Re: Wait events for delayed checkpoints

От
Robert Haas
Дата:
On Wed, Oct 11, 2023 at 9:13 PM Thomas Munro <thomas.munro@gmail.com> wrote:
> You can't tell if your checkpointer is spending a lot of time waiting
> around for flags in delayChkptFlags to clear.  Trivial patch to add
> that.  I've managed to see it a few times when checkpointing
> repeatedly with a heavy pgbench workload.
>
> I had to stop and think for a moment about whether these events belong
> under "WaitEventIPC", "waiting for notification from another process"
> or under "WaitEventTimeout", "waiting for a timeout to expire".  I
> mean, both?  It's using sleep-and-poll instead of (say) a CV due to
> the economics, we want to make the other side as cheap as possible, so
> we don't care about making the checkpointer take some micro-naps in
> this case.  I feel like the key point here is that it's waiting for
> another process to do stuff and unblock it.
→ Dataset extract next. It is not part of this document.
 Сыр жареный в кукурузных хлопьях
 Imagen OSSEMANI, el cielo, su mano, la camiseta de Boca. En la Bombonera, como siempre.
IPC seems right to me. Yeah, a timeout is being used, but as you say,
that's an implementation detail.

+1 for the idea, too.

--
Robert Haas
EDB: http://www.enterprisedb.com



Re: Wait events for delayed checkpoints

От
Michael Paquier
Дата:
On Thu, Oct 12, 2023 at 01:32:29PM -0400, Robert Haas wrote:
> IPC seems right to me. Yeah, a timeout is being used, but as you say,
> that's an implementation detail.
>
> +1 for the idea, too.

Agreed that timeout makes little sense in this context, and IPC looks
correct.

+        pgstat_report_wait_start(WAIT_EVENT_CHECKPOINT_DELAY_START);
         do
         {
             pg_usleep(10000L);    /* wait for 10 msec */
         } while (HaveVirtualXIDsDelayingChkpt(vxids, nvxids,
                                               DELAY_CHKPT_START));
+        pgstat_report_wait_end();

HaveVirtualXIDsDelayingChkpt() does immediately a LWLockAcquire()
which would itself report a wait event for ProcArrayLock, overwriting
this new one, no?
--
Michael

Вложения

Re: Wait events for delayed checkpoints

От
Robert Haas
Дата:
On Thu, Oct 12, 2023 at 7:09 PM Michael Paquier <michael@paquier.xyz> wrote:
> On Thu, Oct 12, 2023 at 01:32:29PM -0400, Robert Haas wrote:
> > IPC seems right to me. Yeah, a timeout is being used, but as you say,
> > that's an implementation detail.
> >
> > +1 for the idea, too.
>
> Agreed that timeout makes little sense in this context, and IPC looks
> correct.
>
> +        pgstat_report_wait_start(WAIT_EVENT_CHECKPOINT_DELAY_START);
>          do
>          {
>              pg_usleep(10000L);    /* wait for 10 msec */
>          } while (HaveVirtualXIDsDelayingChkpt(vxids, nvxids,
>                                                DELAY_CHKPT_START));
> +        pgstat_report_wait_end();
>
> HaveVirtualXIDsDelayingChkpt() does immediately a LWLockAcquire()
> which would itself report a wait event for ProcArrayLock, overwriting
> this new one, no?

Ah, right: the wait event should be set and cleared around pg_usleep,
not the whole loop.

--
Robert Haas
EDB: http://www.enterprisedb.com



Re: Wait events for delayed checkpoints

От
Thomas Munro
Дата:
On Fri, Oct 13, 2023 at 2:19 PM Robert Haas <robertmhaas@gmail.com> wrote:
> On Thu, Oct 12, 2023 at 7:09 PM Michael Paquier <michael@paquier.xyz> wrote:
> > HaveVirtualXIDsDelayingChkpt() does immediately a LWLockAcquire()
> > which would itself report a wait event for ProcArrayLock, overwriting
> > this new one, no?
>
> Ah, right: the wait event should be set and cleared around pg_usleep,
> not the whole loop.

Duh.  Yeah.  Pushed like that.  Thanks both.